If we do not achieve the objectives within three years, I have made the commitment to industry that we would repeal it. If we cannot show that this makes a difference in three years time, then we do not intend to have this thing continue. It is not a tax that is going to end up staying in government revenues. Every dollar of it will be identified. Every dollar of it will go back into the industry.
I just want to say in closing that we are on the verge of a tremendous opportunity. We have a huge industry that is growing. It is the biggest, fastest growing industry in the world. It is $425 billion and we should be getting a bigger share of it here than we are.
All I am asking of you is work with me. If the hotel tax is not the way to do it, do not just sit back and say we do not support it, stop it and then we go back to the same status quo we have right now. That is not the answer to our challenge in the tourism industry.
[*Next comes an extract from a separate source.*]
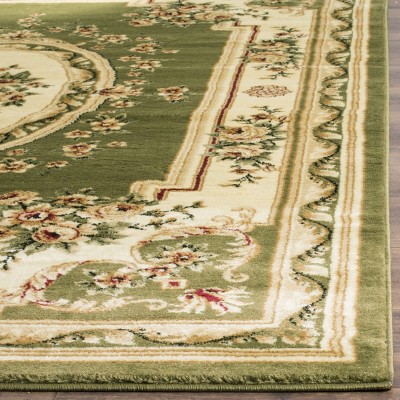 Sage and Ivory Floral Rectangular Synthetic Area Rug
We need to work together on that. Industry has told me they are ready to work with me. I think every letter and every conversation I have had has indicated the industry out there, including the hotel industry, want to work with us in finding a way of boosting our tourism industry. We need to work together. I believe if industry can cooperate, if industry wants to work on this, then let us as a government work together here and get this side of our economy going.
The big winners are all over. It is the big centres, like Yellowknife. It is also the little communities. It is the people who have been living their lives for hundreds of years off the land who can link into tourism. It is the airline industry. It is all parts. It has much more potential than anything else we do in this Territory. So all I am saying to you is let us work together on this. I think it is a huge opportunity. Now is the time to get on with it. Thank you, Mr. Speaker.